## WHAT IS EXPECTED
Write out exactly the lines below that run from the one containing "Polinezijska tetovaža na ramenih" through the one containing "מקומם: מסע הסבל שעוברת נכה בדרך למקווה", both included, with no other lines.

## DATA SUPPLIED
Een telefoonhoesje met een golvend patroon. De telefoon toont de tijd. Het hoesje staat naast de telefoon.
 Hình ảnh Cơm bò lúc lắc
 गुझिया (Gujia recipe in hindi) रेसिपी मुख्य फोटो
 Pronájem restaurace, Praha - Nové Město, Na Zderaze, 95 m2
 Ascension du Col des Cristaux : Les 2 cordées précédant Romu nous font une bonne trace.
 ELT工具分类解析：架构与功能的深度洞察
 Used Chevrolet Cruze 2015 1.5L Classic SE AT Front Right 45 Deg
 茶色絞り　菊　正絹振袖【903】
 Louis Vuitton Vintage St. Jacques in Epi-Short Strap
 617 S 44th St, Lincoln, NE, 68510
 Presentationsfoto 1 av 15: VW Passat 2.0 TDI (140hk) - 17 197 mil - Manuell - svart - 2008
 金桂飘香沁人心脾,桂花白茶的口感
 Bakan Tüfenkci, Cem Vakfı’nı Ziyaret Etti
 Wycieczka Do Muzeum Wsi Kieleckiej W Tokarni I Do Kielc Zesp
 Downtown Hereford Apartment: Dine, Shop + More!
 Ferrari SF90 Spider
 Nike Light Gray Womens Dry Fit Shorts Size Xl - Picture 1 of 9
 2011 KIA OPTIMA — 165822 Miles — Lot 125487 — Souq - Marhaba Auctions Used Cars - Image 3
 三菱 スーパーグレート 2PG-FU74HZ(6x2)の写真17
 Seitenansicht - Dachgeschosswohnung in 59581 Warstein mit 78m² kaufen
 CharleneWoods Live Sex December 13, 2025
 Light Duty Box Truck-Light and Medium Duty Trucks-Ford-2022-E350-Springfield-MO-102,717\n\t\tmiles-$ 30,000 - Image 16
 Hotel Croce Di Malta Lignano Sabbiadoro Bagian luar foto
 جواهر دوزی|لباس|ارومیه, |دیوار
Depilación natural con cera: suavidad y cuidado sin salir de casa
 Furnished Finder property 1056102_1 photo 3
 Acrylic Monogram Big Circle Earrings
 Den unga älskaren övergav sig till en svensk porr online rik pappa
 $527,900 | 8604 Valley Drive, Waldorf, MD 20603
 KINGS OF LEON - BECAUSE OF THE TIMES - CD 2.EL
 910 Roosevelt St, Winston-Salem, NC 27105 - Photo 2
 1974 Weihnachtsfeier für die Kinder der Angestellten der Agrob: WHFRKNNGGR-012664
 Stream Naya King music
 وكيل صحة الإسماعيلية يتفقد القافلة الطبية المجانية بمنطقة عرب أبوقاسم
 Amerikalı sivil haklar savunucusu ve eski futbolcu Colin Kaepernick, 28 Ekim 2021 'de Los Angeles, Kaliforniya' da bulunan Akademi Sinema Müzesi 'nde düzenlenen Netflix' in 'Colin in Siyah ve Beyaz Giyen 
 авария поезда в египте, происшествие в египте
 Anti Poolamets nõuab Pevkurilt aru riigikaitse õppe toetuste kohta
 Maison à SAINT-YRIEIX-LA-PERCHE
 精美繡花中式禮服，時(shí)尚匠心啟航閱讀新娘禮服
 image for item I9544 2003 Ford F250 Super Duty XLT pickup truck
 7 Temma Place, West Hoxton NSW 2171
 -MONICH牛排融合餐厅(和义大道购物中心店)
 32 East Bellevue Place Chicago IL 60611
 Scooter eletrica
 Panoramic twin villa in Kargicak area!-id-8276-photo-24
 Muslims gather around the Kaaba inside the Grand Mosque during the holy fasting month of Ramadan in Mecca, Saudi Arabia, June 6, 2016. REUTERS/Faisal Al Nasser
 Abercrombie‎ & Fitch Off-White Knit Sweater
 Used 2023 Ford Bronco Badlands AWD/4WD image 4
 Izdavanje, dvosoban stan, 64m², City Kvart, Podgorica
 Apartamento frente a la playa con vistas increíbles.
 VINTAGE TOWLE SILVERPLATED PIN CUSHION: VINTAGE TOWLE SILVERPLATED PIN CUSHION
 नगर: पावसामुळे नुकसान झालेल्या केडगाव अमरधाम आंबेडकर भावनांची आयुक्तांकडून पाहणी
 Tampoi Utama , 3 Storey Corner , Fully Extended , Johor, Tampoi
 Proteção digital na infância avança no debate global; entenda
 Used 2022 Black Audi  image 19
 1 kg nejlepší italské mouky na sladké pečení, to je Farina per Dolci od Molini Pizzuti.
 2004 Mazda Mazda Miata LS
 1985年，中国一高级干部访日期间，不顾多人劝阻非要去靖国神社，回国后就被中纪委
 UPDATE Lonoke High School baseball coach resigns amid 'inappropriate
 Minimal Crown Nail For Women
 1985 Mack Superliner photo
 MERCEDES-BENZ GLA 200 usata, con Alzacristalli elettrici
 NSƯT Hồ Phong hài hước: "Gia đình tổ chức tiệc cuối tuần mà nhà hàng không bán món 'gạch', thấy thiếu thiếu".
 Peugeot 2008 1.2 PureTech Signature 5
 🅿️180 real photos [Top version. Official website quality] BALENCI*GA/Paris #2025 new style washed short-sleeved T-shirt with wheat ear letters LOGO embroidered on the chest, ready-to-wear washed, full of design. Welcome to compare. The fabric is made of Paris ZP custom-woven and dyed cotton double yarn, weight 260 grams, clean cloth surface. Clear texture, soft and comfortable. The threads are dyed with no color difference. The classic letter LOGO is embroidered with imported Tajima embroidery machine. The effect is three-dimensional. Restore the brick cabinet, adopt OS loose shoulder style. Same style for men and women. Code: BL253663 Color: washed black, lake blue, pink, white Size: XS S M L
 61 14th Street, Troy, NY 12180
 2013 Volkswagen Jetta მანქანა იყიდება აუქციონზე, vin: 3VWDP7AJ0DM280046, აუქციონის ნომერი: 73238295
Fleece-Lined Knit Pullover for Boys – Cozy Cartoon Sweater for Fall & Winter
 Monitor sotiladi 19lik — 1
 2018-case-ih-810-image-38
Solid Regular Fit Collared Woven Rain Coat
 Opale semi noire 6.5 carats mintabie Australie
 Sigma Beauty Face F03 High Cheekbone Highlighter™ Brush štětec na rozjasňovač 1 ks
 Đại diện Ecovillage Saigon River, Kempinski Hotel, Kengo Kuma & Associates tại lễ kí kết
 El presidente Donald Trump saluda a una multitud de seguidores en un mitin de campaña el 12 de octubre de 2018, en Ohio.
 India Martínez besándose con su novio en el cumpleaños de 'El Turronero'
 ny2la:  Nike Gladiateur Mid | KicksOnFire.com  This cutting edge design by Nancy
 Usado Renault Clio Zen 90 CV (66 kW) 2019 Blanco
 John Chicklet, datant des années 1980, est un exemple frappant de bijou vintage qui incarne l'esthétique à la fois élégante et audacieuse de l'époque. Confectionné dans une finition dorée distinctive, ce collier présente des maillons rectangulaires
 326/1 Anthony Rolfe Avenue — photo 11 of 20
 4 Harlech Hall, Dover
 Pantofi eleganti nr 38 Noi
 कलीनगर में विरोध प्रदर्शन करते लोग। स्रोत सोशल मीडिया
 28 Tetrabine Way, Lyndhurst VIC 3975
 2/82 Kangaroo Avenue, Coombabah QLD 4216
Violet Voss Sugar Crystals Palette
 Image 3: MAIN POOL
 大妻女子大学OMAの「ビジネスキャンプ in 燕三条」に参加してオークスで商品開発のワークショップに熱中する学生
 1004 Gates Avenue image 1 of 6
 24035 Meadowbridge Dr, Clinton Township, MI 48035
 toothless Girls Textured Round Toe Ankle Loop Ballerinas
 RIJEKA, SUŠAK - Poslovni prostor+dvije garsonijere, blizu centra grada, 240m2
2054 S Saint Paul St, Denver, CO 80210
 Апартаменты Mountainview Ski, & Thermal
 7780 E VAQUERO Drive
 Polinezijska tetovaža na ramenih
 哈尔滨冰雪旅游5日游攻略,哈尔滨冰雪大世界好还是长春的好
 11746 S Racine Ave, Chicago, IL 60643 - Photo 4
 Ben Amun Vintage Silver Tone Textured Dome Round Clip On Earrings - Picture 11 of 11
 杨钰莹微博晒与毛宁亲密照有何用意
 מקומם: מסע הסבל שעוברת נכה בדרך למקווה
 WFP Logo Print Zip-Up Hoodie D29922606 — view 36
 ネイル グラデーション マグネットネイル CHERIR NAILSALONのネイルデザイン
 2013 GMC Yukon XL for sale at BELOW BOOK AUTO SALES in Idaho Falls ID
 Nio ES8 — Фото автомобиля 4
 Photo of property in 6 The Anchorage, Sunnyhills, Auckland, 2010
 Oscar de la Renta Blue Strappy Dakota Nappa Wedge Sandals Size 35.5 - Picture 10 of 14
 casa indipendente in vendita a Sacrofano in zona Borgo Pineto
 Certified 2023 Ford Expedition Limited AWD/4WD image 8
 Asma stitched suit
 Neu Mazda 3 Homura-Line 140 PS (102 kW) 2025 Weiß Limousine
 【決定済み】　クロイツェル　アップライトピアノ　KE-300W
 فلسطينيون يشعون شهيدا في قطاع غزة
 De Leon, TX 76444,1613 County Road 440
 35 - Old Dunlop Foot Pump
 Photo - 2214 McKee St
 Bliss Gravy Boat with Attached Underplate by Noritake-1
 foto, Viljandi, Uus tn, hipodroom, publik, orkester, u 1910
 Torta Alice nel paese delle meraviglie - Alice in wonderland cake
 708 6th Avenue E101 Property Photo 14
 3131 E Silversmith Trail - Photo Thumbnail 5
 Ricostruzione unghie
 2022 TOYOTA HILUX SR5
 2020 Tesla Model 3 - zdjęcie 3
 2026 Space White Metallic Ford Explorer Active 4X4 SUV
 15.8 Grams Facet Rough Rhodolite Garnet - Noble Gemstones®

## RESPONSE FOR THIS EXERCISE
 Polinezijska tetovaža na ramenih
 哈尔滨冰雪旅游5日游攻略,哈尔滨冰雪大世界好还是长春的好
 11746 S Racine Ave, Chicago, IL 60643 - Photo 4
 Ben Amun Vintage Silver Tone Textured Dome Round Clip On Earrings - Picture 11 of 11
 杨钰莹微博晒与毛宁亲密照有何用意
 מקומם: מסע הסבל שעוברת נכה בדרך למקווה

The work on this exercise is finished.